The most important side effects of quinolones are damage to articular cartilage in young and rapidly growing animals owing to complexes forming between quinolones and magnesium (Polachek, Leibovitz & Dagan 2011). However, it is reported that quinolone-related cartilage damage is a species-specific phenomenon that is especially prevalent in primates, rats and canines (Sansone et al. 2009). Sansone et al. (2009) did not observe any cartilage damage in lambs treated with ciprofloxacin and gatifloxacin. Similarly, we did not observe any clinical side effects and/or lameness in either of the groups during the 3-week study period.
In this study, pneumonia in kids caused by mixed infections of M. haemolytica and Mycoplasma spp. was treated with one or the other of the study antibiotics. All kids survived in our study; however, two kids from the GM and three from the MR group were not totally cured and showed signs of mild pneumonia in the third week after the treatment. This may be because of delays in the initiation of the treatment, based on the normal rectal temperatures in 22 of 36 kids at the beginning of the study.
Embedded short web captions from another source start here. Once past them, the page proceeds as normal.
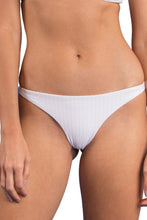 Laden Sie das Bild in den Galerie-Viewer, Gallery: Rio De Sol Unterteil Bottom Bora-White Leblon
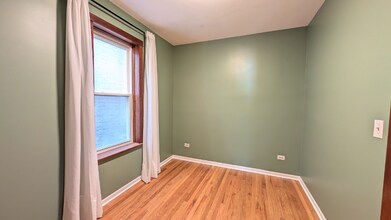5118 W Hutchinson St in Chicago, IL - Building Photo - Building Photo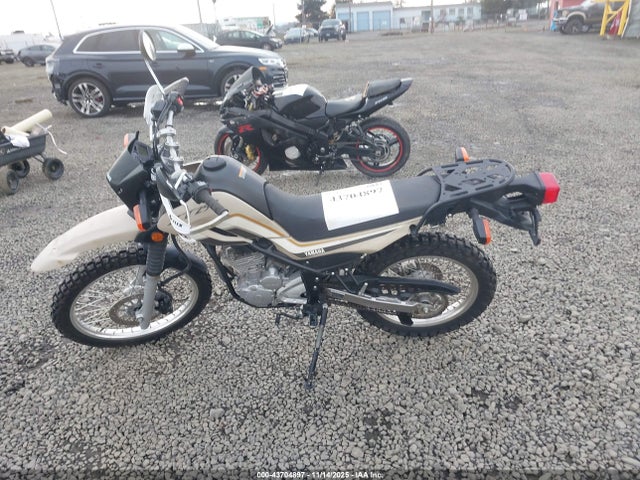 Yamaha XT250 2018 JYADG24E1JA009408 Image 13
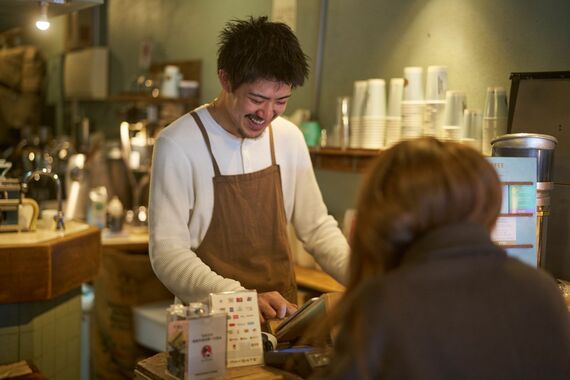 接客中のスタッフ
Switching to other antibiotics could have been beneficial in these cases, as a range of antibiotics has been recommended for the treatment of calves with pneumonia caused by M. hemolytica, P. multocida, Mycoplasma spp. and T. pyogenes (Apley & Coetzee 2013).
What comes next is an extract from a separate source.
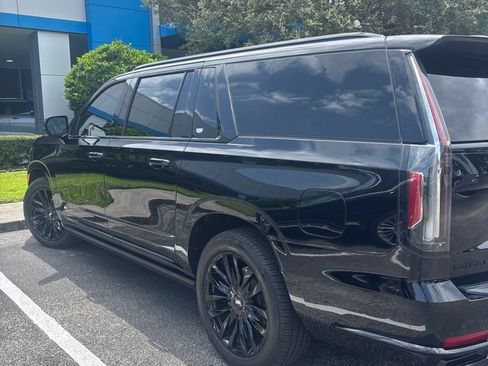Used 2024 Cadillac Escalade ESV Premium Luxury w/ Performance Package AWD/4WD image 13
Despite the demonstrated efficacy of a macrolide and a quinolone in this study, and despite registration for use in food-producing animals in several countries, these medically important antibiotics, in the current drive to control resistance to antibiotics, should not be used in food-producing animals. Both macrolides and quinolones are listed by the World Health Organization as critically important antibiotics in human medicine. In this study, these antibiotics were not used to prevent disease but to treat a natural outbreak of disease, where oxytetracycline was found to be ineffective, using a single-dose at a relatively high dosage rate.
Conclusion
In conclusion, GM and MR were equally effective in the treatment of pneumonia in goat kids caused by a mixed infection of M. hemolytica and Mycoplasma spp. However, constant treatment is crucial to avoid chronicity.
Acknowledgements
This research received no specific grant from any funding agency in the public, commercial or for-profit sectors.
Competing interests
The authors declare that they have no financial or personal relationships that may have inappropriately influenced them in writing this article.
Authors’ contributions
H.B. designed the study. Clinical observation and data collection in the field was done by H.B, Y.K. and O.E.Y. conducted the microbiological examination of the samples. Z.M. assisted with data analysis and concept of the article. All authors contributed in writing the manuscript and approved the final version.